Ce peuple qu’on instruit, qu’on amuse, qu’on promène, est-il reconnaissant ? Suffit-il, comme le croient les fondateurs des settlements, que les classes se connaissent mieux et se voient de plus près pour se respecter et s’aimer ? C’est là une thèse optimiste à laquelle je ne pourrais souscrire sans beaucoup de réserves. Ces douces influences, ces émanations civilisatrices, cette lente séduction du bien, qui doivent se dégager de tout ce qui se fait au settlement, s’en dégagent-elles réellement et pénètrent-elles au fond des âmes ? Ou bien ces gens ne remportent-ils de là que le souvenir d’heures passées dans des salles bien éclairées et bien ventilées, « avec des messieurs très gentils et des dames très comme il faut, » la sensation d’un contact passager avec le monde des robes de soie et des habits noirs, où les voix sont musicales et où les mains sentent bon ? J’hésite à dire ma pensée. Le settlement fera du bien à un grand nombre ; il fera peut-être du mal à quelques-uns.

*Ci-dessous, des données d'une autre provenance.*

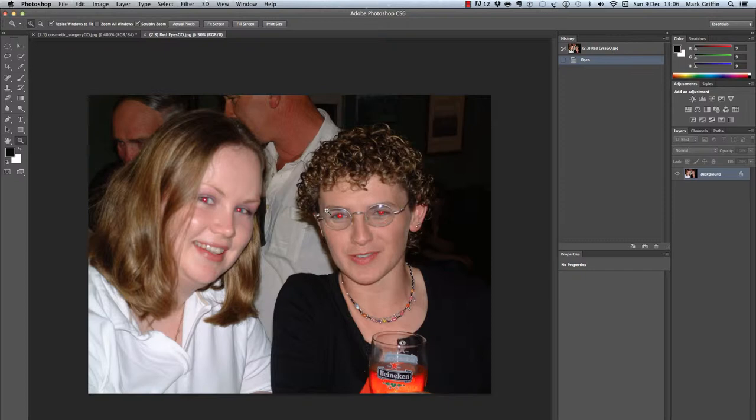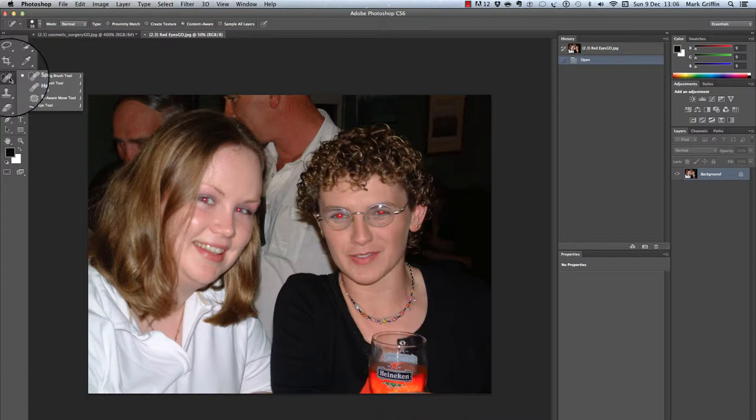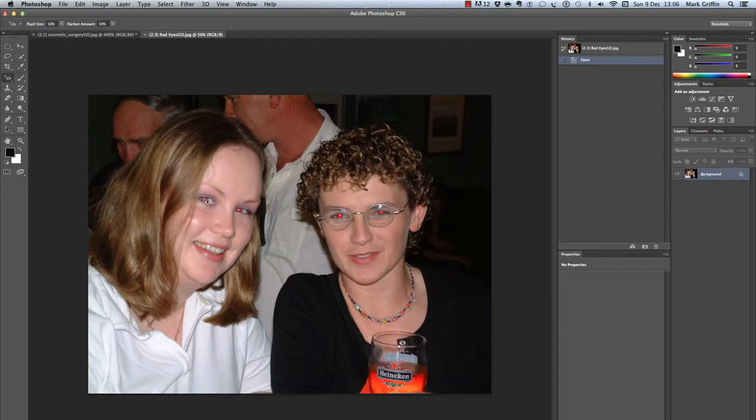In this video we will look at how you can fix red eye in a picture. To do that we're going to use the red eye tool. That may be hidden by the healing brush, so we're going to right-click with our mouse and just pick the red eye tool.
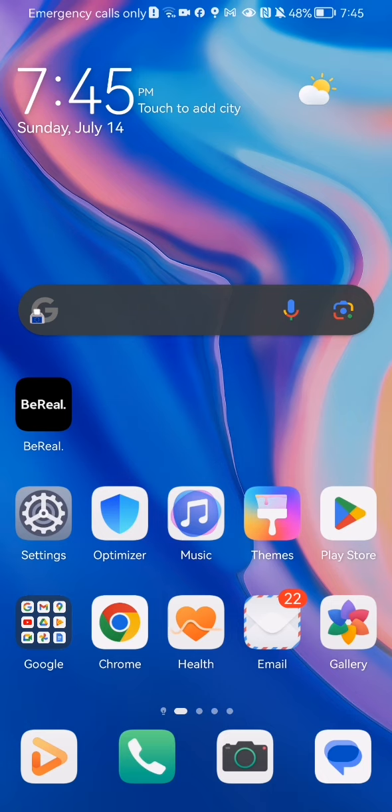Hello guys! In this video I'm going to show you how to manage the notifications in the BeReal application.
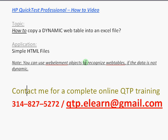Hello and welcome everyone. Today I'm going to show you how we can copy dynamic content from a web table in any of your web pages into an Excel file using QTP.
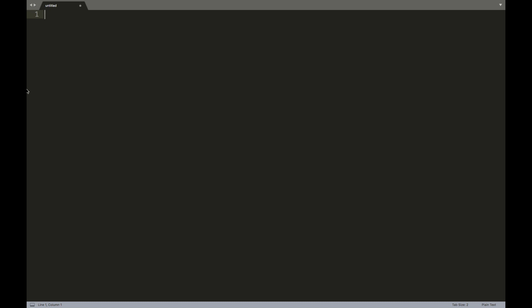So today we're going to learn about this in the context of an exercise. The exercise is going to be print out all even numbers between two and 100. So we're going to write code that is going to accomplish this task. It's going to print out two, four, six, eight, 10, 12, etc. up to 100.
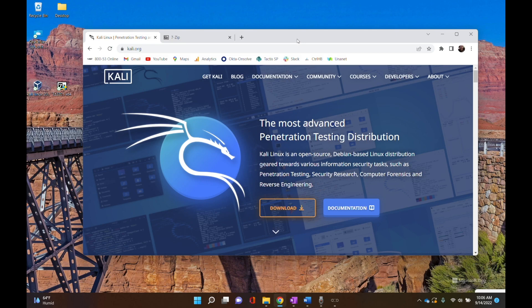If you're a Mac user, Mac has a default application that will extract these files for you. So once you've downloaded the file, throw it on your desktop, double-click it, and you should get prompted to go through the extraction process right there.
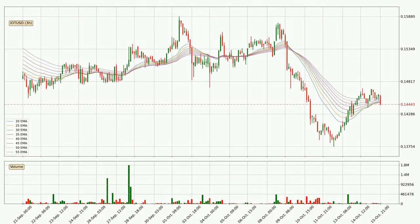Looking at the three hourly exponential moving averages, the price is situated below the three hourly ribbon, which is usually bearish and the ribbon can act as a resistance, so you should keep an eye on if the price will break it or bounce off it. The current price to watch is around 14.5 cents. However, the ribbon is compressed, which means the current trend is not very strong and a trend change could be expected.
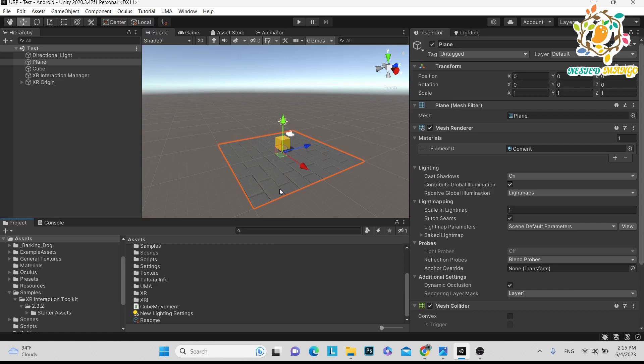Hello everyone, welcome back on this channel. I'm Ram, a Unity game developer, YouTuber and blogger. In today's part we are going to learn how we can teleport in Unity VR or Oculus Quest 2.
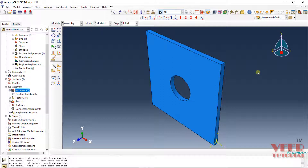Hello friends, welcome to this course on Abacus. In this lecture, we will continue from the previous lecture. In the previous lecture, we were solving a problem of a plate with a hole. So till now, we have created our part, created the material, created the section, and then assigned that section to the part. After that, we have created the instances.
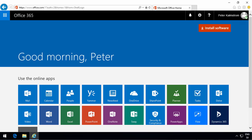I'm Peter Kalmstrom of kalmstrom.com business solutions. In this demonstration I'll talk to you about Microsoft Sway.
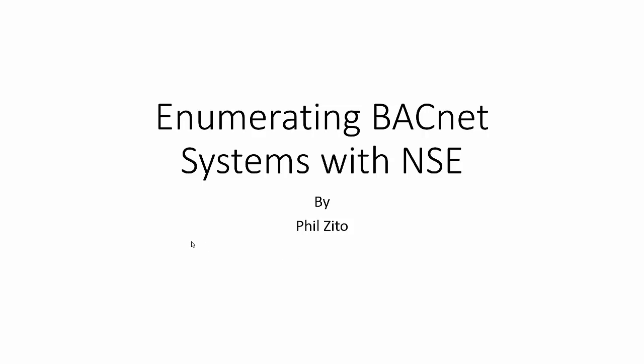Hey, welcome to enumerating BACnet systems with the NMAP scripting engine. My name is Phil Zito, and I will be going through what exactly the NMAP scripting engine is, what BACnet systems are, and what is the point of enumerating BACnet systems with the NMAP scripting engine.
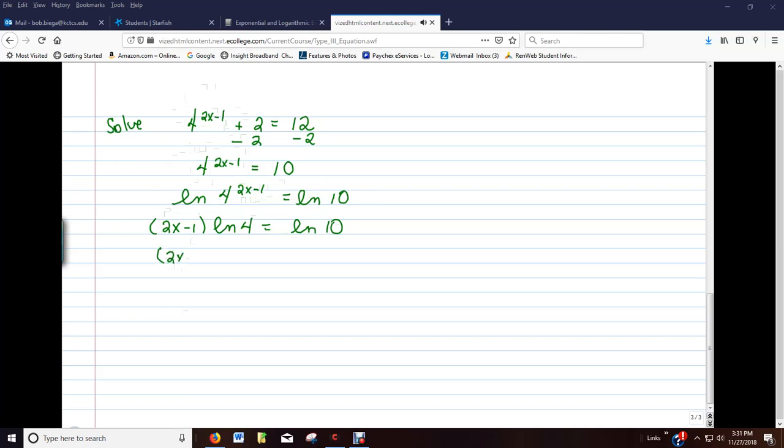So, natural log of 4, if I take it out about 4 decimal places, will be 1.3863. And the natural log of 10 is 2.3026.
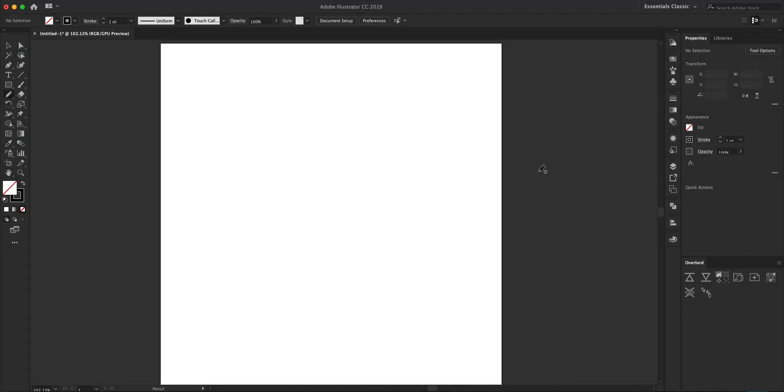Hey this is FJMX and welcome back to another video. Today I'm going to be showing you guys how you can create a really cool animated handwritten text effect using Adobe Illustrator and Adobe After Effects. So let's get started.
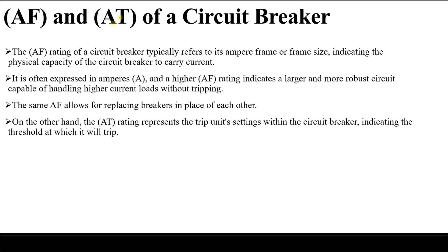On the other hand, AT stands for ampere trip. This represents the trip unit settings. For example, if the ampere trip is 100 amperes, it means the circuit breaker is adjusted at 100 amperes, and at 100 amperes it will trip the circuit. So AF represents the maximum current capacity at which it can be operated, while ampere trip represents the value at which it will trip if the current exceeds it.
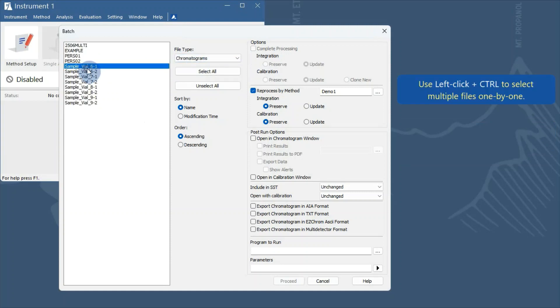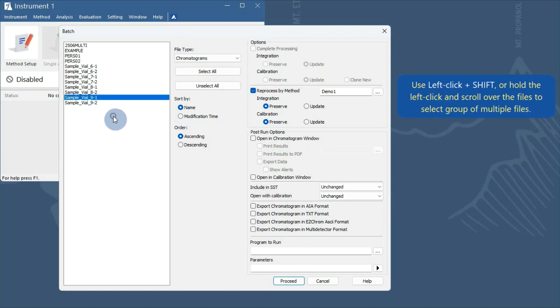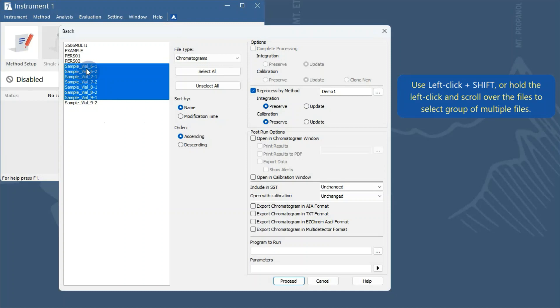Use left-click plus Control to select multiple files one by one. Use left-click plus Shift, or hold the left-click and scroll over the files to select a group of multiple files.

Il est une classe de personnes auxquelles il fera certainement du bien ; ce sont les résidens de tout âge qui s’y fixent pour un certain temps. Il y a, parfois, de l’alliage dans ces vocations. Tout n’est pas apostolique dans l’apostolat, tout n’est pas dévouement dans le dévouement. Il peut s’y mêler de la curiosité, du désœuvrement, de l’instabilité d’esprit ; plus souvent, de la gloriole et ce besoin de gouverner autrui qui possède certains hommes et qui est plus fréquent parmi les Anglais que parmi les continentaux. Nés pour organiser, ils organisent quand même et, au besoin, désorganisent pour réorganiser.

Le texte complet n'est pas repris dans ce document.